ところで、この2日間で印象的だったのは、テクニカルアナリストと言われる人たちや、ストラテジストと言われる人たちの動きである。前者の中で、ずっと強気だったにもかかわらず、株価が19,000円台前半を割ったことを理由に、弱気に転じた人がいた。後者の中にも、上記2日間の動きを見て、顧客にかたっぱしから電話をかけて弱気の意見を述べてまわった人がいると聞いた。私は、運用しながら、「こういう人たちは気楽でいいな」と改めて感じた。ここでは詳しく述べないが、私は、こうした人たちの意見から一線を画す形でこの年末に強気に転じた。一方、こうした人たちの意見を信じた人たちは、12月は、株価が下がり続ける中で一生懸命耐えていたが、25、26日の株価のボトム圏でポジションを落としてその後の相場上昇に乗り遅れ、往復ビンタを食らった形になったはずだ。

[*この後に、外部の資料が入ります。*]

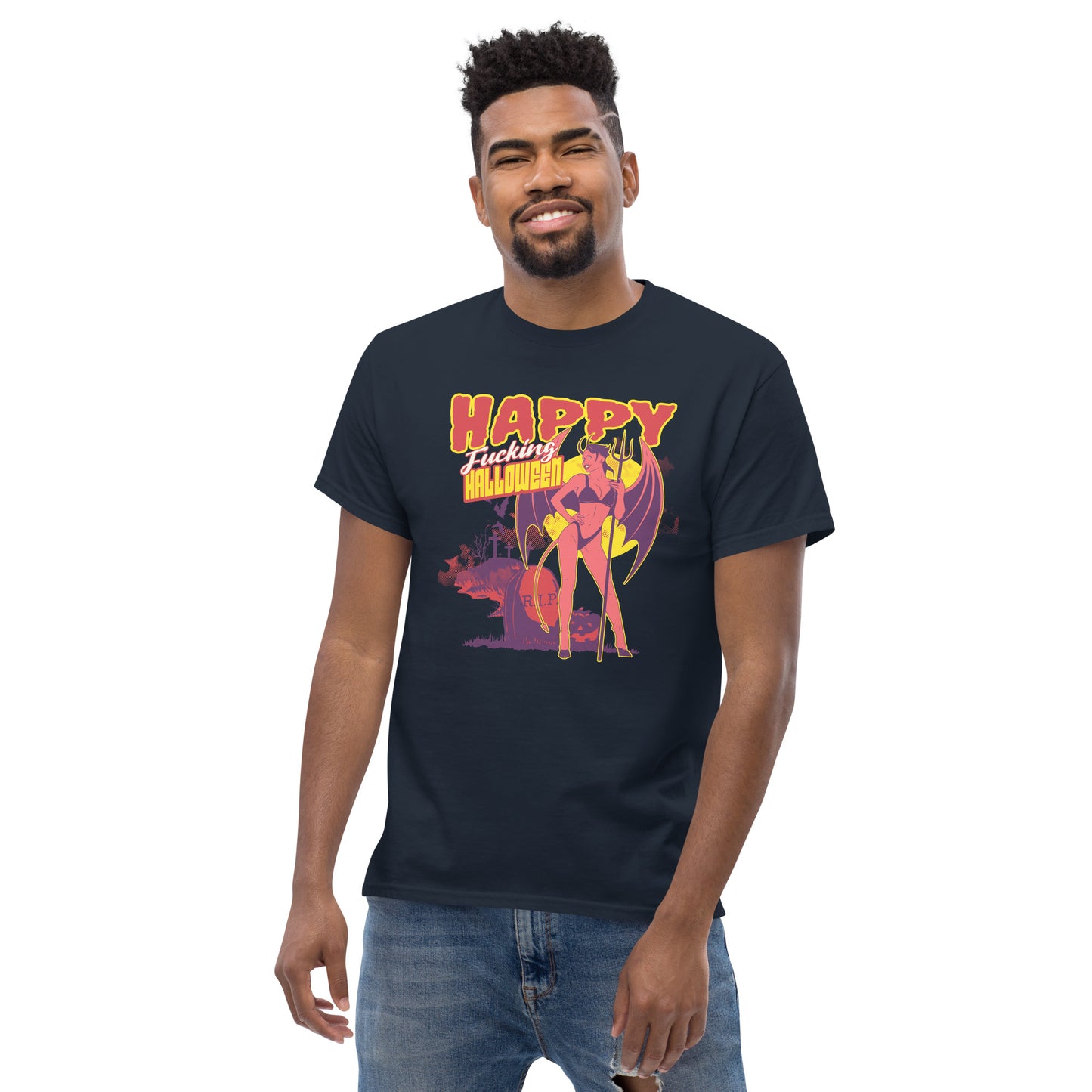 Happy F@#king Halloween Men's Classic Tee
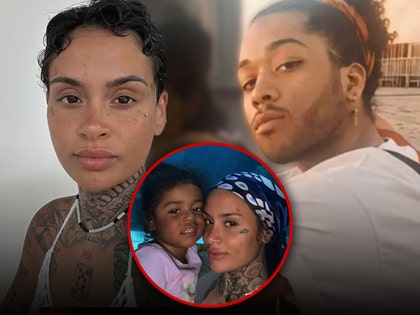 kehlani and Javaughn Young-White and daughter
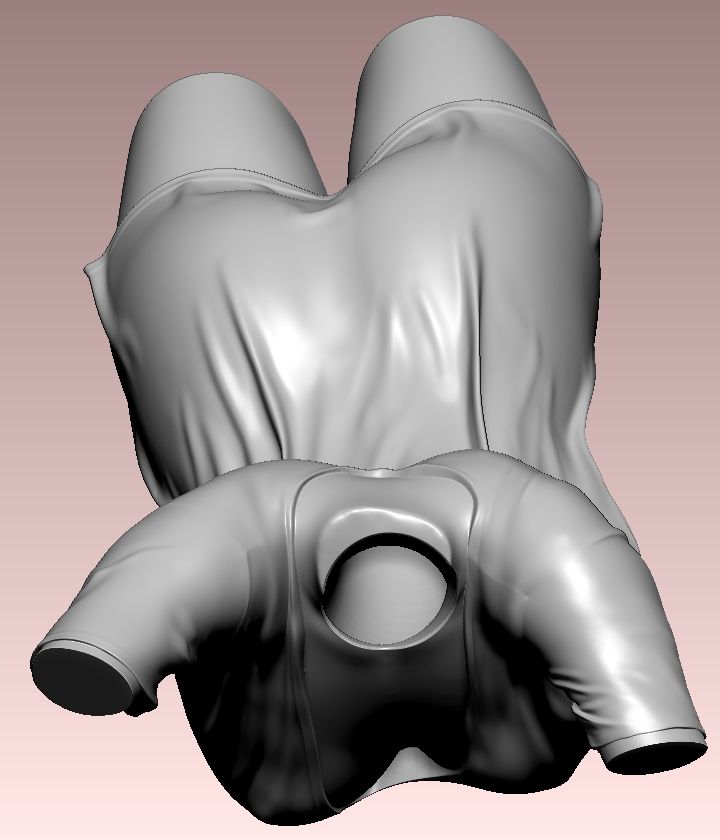 vase-pot-V1-hole.jpg Archivo STL Maceta - Torso de niña de tela húmeda・Modelo de impresora 3D para descargar, LeTranh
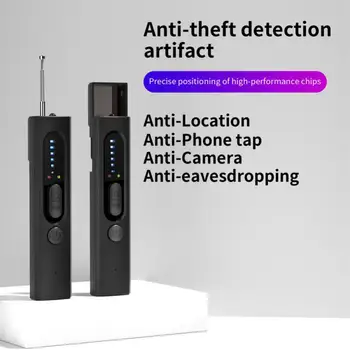 Mini Anti Spy Detector Camera Ascunsa Pix LED-uri Infraroșu de Scanare RF Semnal de Detectare Wireless Bug Micro camera GSM Tracker GPS Finder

その後、年明け直後の海外マーケットで104円台の円高を見せつけられて、日本中が円高恐怖症に陥り、最近でも新聞の論調も含めて円高リスクが堂々と喧伝されているが、為替は112円近くまで円安が進むに至っている(3月1日現在)。その結果、1月、2月と株価が世界的に堅調に推移したことは、説明するまでもなかろう。
また、最近の一部メディアの記事を見て驚いたのは、日経平均株価がPER12倍台まで上昇して割高感が出てきたと述べていたことだ。昨年の株価下落前は、PERが12-13倍台しかなくて、世界市場対比で割安だと多くの人が言っていたはずだ。
ところで、昨年末に、ある証券会社で多くのアナリストが順番に今後の株価見通しを話すイベントがあった。そこで、私も尊敬するある高名なアナリストが「直近の見通しが外れて申し訳ない」と何度も語っていた。私は、自分の示した投資スタンスが間違ったことに謝意を述べる勇気と客観的スタンスに大変感銘を受けたが、これはごく稀な事例である。多くのアナリストやストラテジストは、自分の見通しが外れても全く意に介していないように見える。
もちろん、アナリストも人間だから外れても仕方がない。投資の世界にいる私だって、これまでに多くの個別銘柄の見通しを外してきた。しかし、投資判断の5割以上が外れたら、運用の世界にいられない可能性が高い。投資の世界では、6割の投資判断で勝利を収めれば、恐らく大勝できるであろう。そのような厳しい世界にいる中で、昨年12月から2月にかけて(というか、昨年も強気の人が多くて予想を外したが)、市場関係者の見通しがやけに外れまくっていると感じるのは私だけであろうか?やはり、自分の身は自分で守るしかない。